Management believes that gold mineralization is open at the DAC Deposit along strike, at depth and on parallel structures on the Property. This resource expansion potential is in addition to the potential to explore for, and establish, independent mineral resource estimates on several of the other deposits that have previously been identified on the Property.

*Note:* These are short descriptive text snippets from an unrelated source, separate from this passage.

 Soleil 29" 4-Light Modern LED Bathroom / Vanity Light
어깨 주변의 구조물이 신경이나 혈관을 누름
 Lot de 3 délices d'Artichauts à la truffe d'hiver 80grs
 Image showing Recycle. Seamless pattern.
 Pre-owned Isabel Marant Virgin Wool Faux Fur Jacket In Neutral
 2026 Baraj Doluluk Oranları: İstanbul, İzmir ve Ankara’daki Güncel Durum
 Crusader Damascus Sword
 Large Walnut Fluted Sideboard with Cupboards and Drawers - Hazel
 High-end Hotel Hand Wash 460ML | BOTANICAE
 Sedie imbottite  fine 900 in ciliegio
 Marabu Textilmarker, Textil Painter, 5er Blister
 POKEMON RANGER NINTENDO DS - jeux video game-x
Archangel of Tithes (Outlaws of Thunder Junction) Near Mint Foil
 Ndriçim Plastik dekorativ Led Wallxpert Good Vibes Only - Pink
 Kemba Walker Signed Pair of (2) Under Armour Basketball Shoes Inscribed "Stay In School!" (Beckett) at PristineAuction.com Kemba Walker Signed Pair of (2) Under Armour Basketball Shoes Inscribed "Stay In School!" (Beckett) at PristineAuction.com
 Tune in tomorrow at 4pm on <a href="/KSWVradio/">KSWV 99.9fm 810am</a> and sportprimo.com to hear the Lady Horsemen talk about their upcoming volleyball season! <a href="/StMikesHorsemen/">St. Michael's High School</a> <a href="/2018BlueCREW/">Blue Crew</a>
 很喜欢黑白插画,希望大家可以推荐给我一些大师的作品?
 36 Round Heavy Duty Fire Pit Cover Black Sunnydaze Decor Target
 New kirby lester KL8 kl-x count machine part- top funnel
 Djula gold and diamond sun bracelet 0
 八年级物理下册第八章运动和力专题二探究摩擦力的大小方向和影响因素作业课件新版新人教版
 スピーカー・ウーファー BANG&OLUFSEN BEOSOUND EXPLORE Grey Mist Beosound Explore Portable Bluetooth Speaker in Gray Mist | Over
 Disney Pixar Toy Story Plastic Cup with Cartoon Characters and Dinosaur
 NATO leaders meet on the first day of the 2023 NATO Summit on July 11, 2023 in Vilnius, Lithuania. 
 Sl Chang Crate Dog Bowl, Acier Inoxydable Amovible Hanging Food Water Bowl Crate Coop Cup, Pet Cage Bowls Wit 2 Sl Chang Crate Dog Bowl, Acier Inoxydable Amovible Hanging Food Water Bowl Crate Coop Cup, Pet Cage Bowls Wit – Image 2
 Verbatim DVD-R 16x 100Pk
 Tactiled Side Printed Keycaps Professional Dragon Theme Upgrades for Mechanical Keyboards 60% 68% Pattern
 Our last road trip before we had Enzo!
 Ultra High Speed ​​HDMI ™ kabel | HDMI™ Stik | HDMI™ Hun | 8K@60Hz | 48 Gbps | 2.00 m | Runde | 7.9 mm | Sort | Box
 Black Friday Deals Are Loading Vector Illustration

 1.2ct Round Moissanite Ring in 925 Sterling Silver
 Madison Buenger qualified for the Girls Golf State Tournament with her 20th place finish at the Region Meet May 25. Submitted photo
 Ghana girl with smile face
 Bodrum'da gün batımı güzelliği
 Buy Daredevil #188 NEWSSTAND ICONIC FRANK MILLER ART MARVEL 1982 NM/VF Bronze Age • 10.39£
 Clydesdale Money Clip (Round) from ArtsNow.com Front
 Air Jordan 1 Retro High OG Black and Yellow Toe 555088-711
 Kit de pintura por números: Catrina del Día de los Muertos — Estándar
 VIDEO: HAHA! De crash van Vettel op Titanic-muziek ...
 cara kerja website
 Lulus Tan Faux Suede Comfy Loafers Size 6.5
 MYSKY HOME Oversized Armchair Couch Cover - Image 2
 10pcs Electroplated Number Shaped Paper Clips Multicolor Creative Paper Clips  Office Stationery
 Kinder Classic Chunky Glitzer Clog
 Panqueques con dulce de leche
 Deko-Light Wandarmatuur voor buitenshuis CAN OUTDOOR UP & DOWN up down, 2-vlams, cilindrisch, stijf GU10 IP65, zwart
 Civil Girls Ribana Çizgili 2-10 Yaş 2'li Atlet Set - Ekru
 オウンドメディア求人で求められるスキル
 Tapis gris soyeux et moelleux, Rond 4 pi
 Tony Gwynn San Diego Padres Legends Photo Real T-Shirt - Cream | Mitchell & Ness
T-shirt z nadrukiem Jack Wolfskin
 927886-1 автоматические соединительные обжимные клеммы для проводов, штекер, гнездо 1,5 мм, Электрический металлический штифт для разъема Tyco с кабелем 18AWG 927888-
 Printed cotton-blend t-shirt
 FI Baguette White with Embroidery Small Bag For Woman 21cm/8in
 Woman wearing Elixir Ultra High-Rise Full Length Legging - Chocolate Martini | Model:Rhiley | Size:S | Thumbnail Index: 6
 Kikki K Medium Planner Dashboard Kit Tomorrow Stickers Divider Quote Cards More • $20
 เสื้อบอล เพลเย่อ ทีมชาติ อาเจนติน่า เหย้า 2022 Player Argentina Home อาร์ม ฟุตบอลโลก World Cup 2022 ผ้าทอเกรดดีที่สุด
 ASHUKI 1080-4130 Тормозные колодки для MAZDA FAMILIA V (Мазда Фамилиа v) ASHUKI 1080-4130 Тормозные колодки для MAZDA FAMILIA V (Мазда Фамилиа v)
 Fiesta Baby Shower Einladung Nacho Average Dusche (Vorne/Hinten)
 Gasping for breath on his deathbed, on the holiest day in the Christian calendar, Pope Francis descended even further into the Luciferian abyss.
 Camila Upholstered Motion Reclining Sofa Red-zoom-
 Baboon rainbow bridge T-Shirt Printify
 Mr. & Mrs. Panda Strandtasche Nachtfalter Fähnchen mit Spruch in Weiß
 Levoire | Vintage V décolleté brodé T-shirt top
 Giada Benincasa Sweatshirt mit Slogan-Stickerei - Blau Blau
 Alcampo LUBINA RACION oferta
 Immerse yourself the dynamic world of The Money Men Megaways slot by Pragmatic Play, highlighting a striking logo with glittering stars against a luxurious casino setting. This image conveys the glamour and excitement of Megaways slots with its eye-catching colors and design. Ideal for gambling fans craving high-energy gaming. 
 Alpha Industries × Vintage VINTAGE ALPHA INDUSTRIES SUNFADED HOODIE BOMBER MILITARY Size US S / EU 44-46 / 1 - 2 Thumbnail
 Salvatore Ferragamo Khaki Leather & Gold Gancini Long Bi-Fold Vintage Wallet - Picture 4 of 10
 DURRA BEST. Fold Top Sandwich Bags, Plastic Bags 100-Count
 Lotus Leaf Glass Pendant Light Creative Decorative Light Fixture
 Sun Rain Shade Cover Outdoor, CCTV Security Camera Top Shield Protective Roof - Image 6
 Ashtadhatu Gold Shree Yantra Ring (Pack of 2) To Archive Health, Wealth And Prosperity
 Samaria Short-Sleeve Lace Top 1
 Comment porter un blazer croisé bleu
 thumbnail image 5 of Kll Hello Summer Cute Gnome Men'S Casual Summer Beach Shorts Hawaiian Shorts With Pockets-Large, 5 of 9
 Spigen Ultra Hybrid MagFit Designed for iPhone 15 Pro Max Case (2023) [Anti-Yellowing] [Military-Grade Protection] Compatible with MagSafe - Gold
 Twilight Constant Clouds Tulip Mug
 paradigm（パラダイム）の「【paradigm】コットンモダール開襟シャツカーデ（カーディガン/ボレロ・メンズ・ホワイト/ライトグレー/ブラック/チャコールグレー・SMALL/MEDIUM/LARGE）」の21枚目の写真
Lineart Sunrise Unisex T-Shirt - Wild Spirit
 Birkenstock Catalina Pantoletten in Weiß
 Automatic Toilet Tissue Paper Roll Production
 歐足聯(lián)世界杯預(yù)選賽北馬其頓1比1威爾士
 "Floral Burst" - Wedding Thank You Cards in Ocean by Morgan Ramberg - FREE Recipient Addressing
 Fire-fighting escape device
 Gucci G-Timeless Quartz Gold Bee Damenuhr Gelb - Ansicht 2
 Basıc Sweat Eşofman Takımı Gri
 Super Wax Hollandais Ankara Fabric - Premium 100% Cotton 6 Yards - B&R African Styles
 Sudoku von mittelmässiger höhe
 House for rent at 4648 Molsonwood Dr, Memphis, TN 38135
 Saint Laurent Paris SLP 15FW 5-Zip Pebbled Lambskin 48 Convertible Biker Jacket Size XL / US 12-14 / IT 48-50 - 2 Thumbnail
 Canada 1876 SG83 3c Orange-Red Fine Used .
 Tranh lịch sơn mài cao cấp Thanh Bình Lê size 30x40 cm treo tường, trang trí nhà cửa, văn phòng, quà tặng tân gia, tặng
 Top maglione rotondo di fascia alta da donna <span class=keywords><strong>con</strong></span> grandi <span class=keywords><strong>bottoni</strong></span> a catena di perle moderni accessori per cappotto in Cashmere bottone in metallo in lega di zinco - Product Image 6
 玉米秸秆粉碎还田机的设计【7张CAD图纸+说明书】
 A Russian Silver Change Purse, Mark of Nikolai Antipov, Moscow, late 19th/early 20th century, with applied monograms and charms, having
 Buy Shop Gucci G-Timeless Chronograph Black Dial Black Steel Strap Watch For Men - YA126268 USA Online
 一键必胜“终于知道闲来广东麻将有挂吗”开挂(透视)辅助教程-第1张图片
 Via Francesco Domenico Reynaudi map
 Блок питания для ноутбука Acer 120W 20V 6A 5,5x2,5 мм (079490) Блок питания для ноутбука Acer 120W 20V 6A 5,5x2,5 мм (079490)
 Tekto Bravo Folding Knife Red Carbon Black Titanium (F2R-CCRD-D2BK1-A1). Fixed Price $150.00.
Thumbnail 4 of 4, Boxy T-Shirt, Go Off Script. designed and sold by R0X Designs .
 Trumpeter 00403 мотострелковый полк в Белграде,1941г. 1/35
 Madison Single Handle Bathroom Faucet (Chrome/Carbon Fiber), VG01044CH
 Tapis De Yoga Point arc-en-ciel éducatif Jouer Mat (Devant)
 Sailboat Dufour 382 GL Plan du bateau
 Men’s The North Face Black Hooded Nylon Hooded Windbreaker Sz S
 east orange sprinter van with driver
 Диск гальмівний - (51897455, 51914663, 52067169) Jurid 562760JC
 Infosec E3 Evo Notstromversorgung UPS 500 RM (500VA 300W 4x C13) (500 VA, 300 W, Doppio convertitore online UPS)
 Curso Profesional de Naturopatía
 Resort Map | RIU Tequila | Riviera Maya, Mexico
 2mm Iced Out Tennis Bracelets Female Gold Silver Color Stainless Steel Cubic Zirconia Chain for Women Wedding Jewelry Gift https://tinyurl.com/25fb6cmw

President & CEO of Caprock, Vishal Gupta states, "Located in a prolific gold jurisdiction, Destiny comes with a substantial gold resource that we hope to significantly enhance in the short- to intermediate-term. With the dramatic surge in gold price over the last 12 months, we expect a brand-new, pit-constrained NI 43-101 compliant MRE that reflects current gold economics will demonstrate a material increase in total gold inventory at the DAC deposit, especially since the 2011 MRE was generated using a gold price of US$973 per ounce. Our technical team plans to aggressively explore Destiny over the next 12 to 24 months with a view to making further additions to the Property's overall gold inventory. In an increasingly positive environment for gold, Destiny provides Caprock's shareholders a very exciting opportunity to play the precious metals sector."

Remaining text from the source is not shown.